* What to do:
Find the line containing "515 Hayfield CT" in the material below, then please transcribe it and each line after it exactly, without the pictures.
**** Information shown
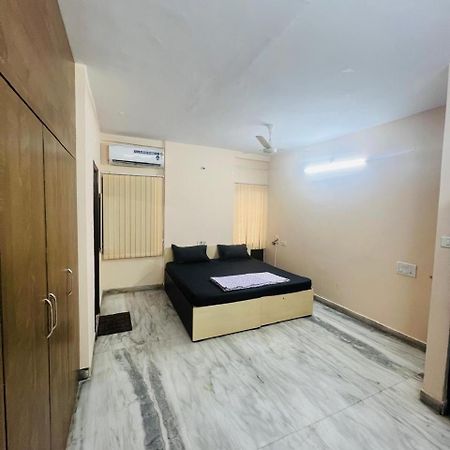 Lara Guest House Хайдарабад Экстерьер фото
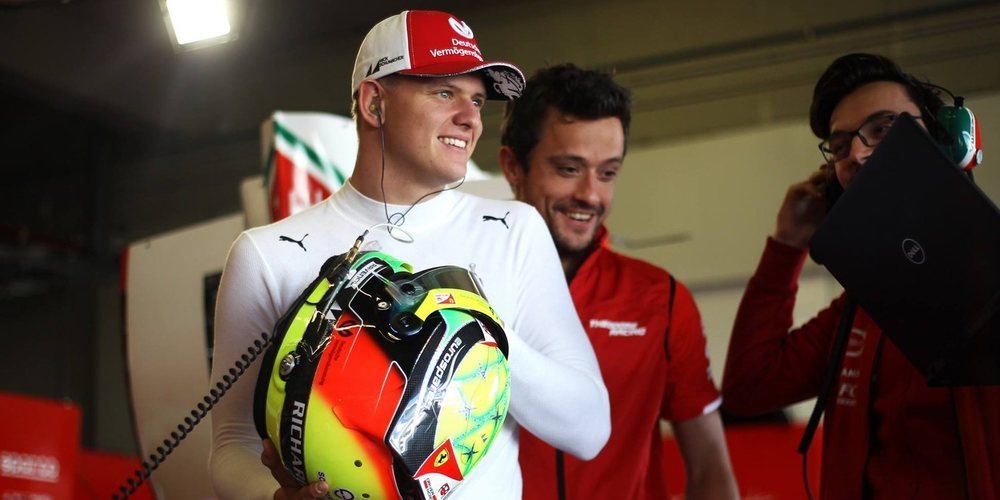 Sebastian Vettel halaga el buen trabajo de Mick Schumacher en los test de Baréin
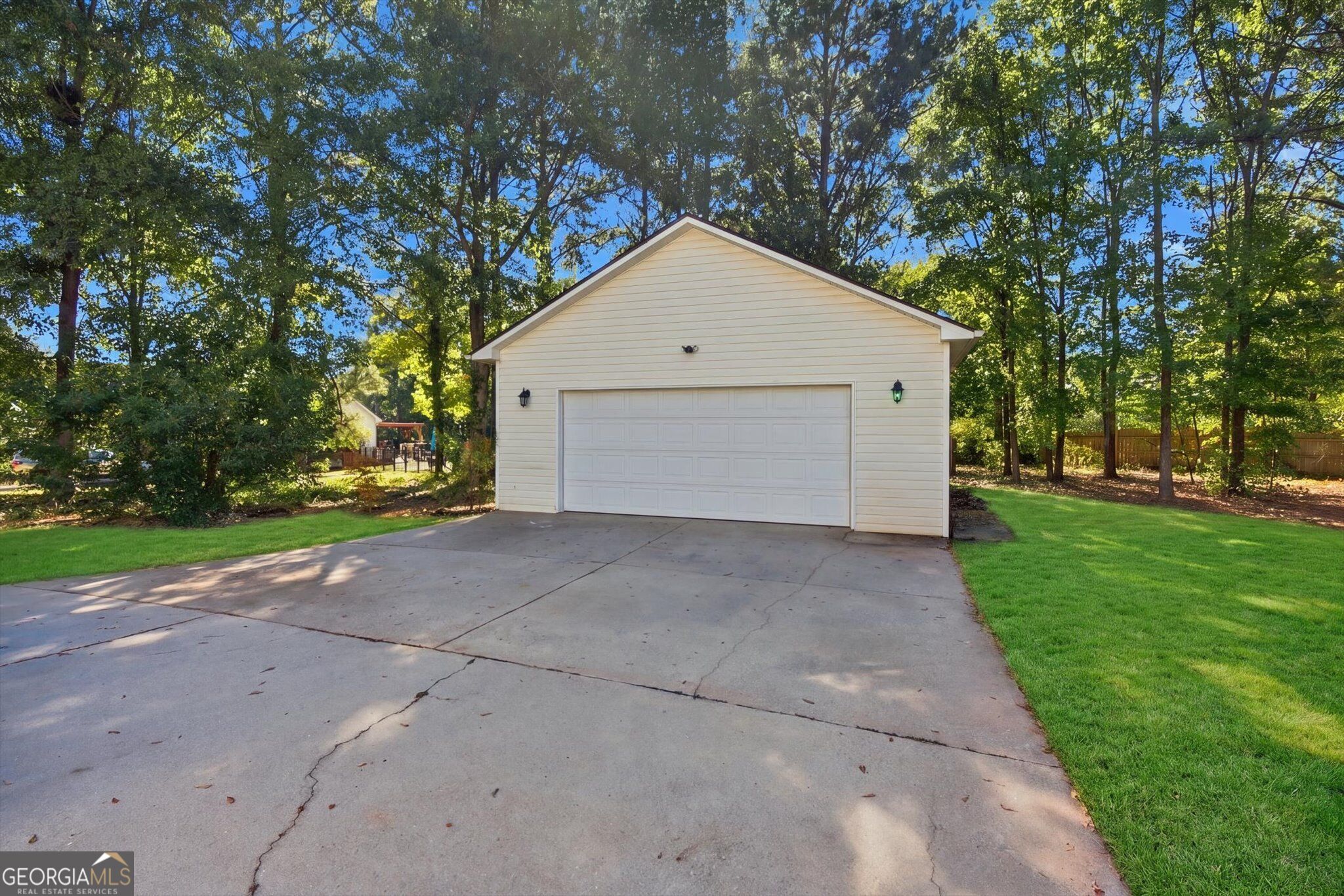 515 Hayfield CT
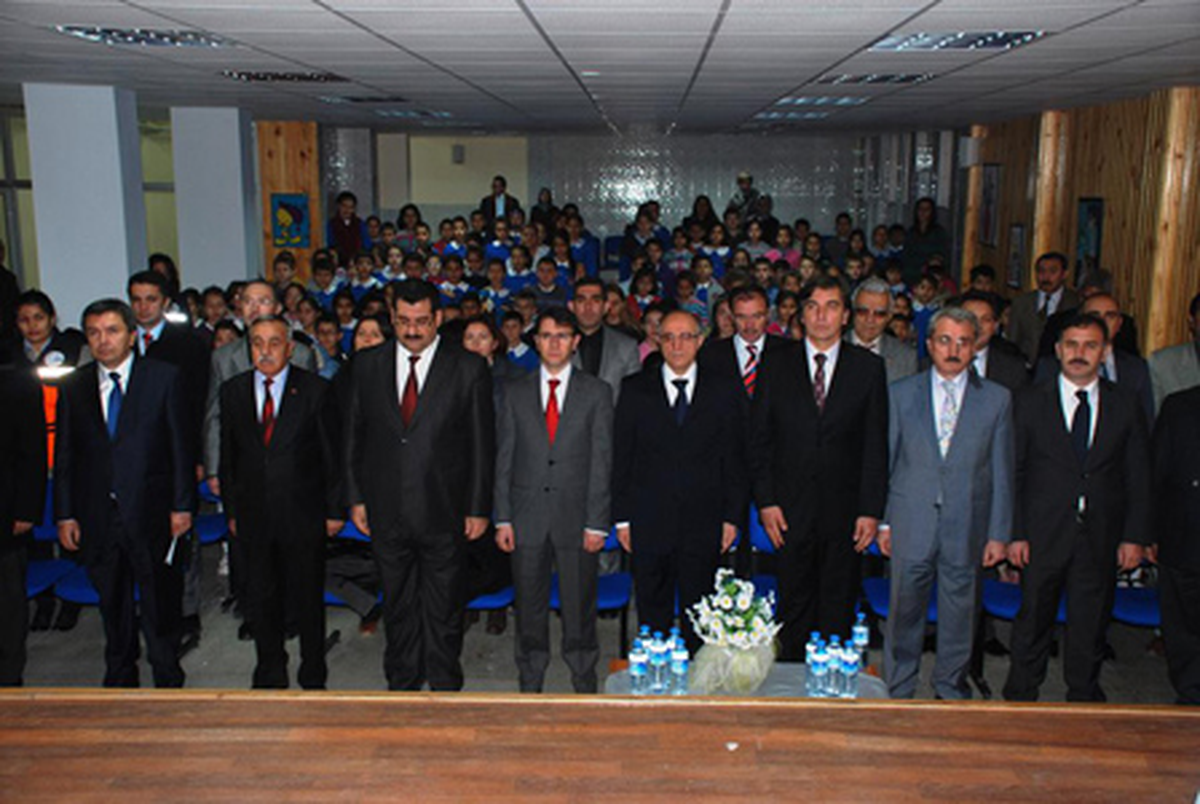 Encümene Vali Özçimen Başkanlık Yaptı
********
* Completed exercise:
 515 Hayfield CT
 Encümene Vali Özçimen Başkanlık Yaptı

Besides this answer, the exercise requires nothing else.